The British Humanist Association (BHA) has called on the Government to support today’s report from Parliament’s Joint Committee on Human Rights which calls for any child of ‘sufficient maturity, intelligence and understanding’ to be given the right to withdraw from compulsory religious worship in schools.

Currently, only sixth form students have the right to withdraw themselves, and other children can only be withdrawn at the request of their parents,

but the Human Rights Committee have said that this violates children’s rights to freedom of belief and conscience.

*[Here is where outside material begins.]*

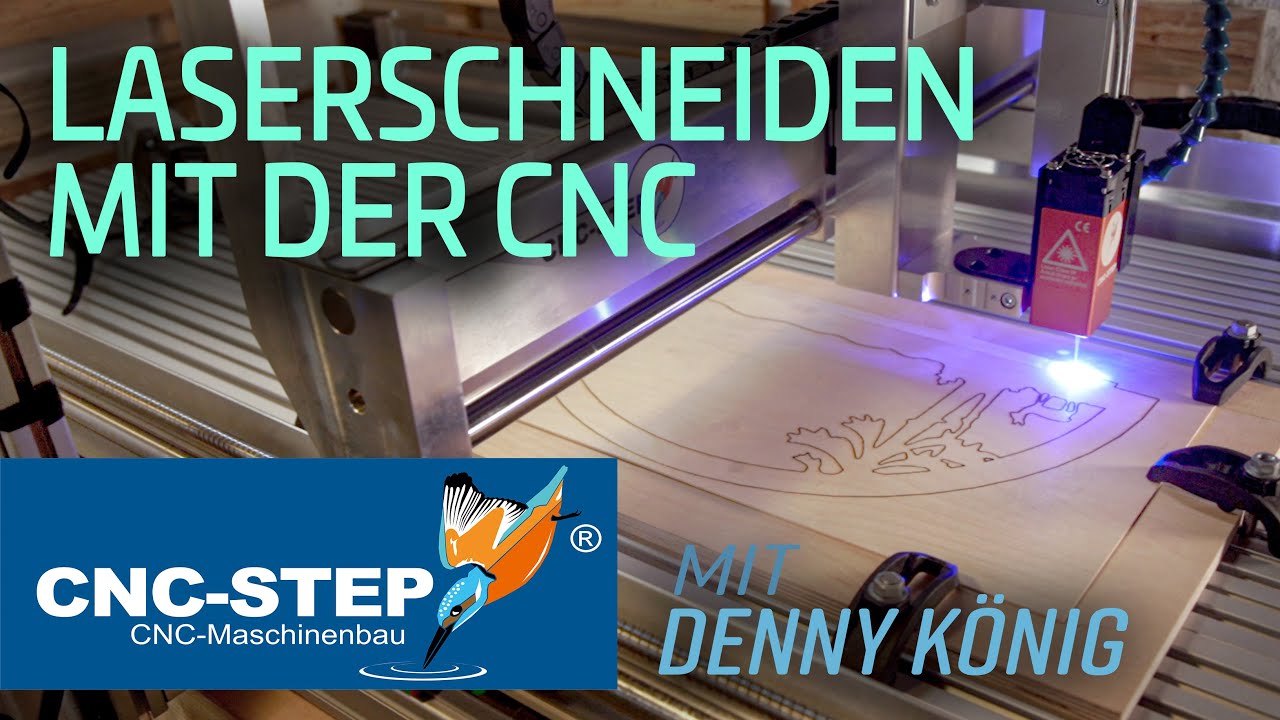 CNC-STEP | Erklärvideo: Laserschneiden mit der CNC Fräse - Schwibbogen aus Holz lasern - Teil 2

Writing in support of the Committee’s report to Minister for Schools and Learners, Jim Knight MP, the BHA said, ‘ We agree with the JCHR that the law is clearly inconsistent with the European Convention on Human Rights and that
children of ‘sufficient maturity, intelligence and understanding’ should be permitted to withdraw themselves from prayer and other worship.’
Andrew Copson, BHA Director of Education and Public Affairs, commented,
‘The best situation would be the replacement of the law requiring religious worship with a law requiring inclusive assemblies that would be suitable for all children. For as long as the current law remains, however, children must be allowed to decide for themselves whether they wish to participate. To compel them to pray, or worship in other ways, is a clear interference with their right to freedom of belief – one of the most important rights that we enjoy.’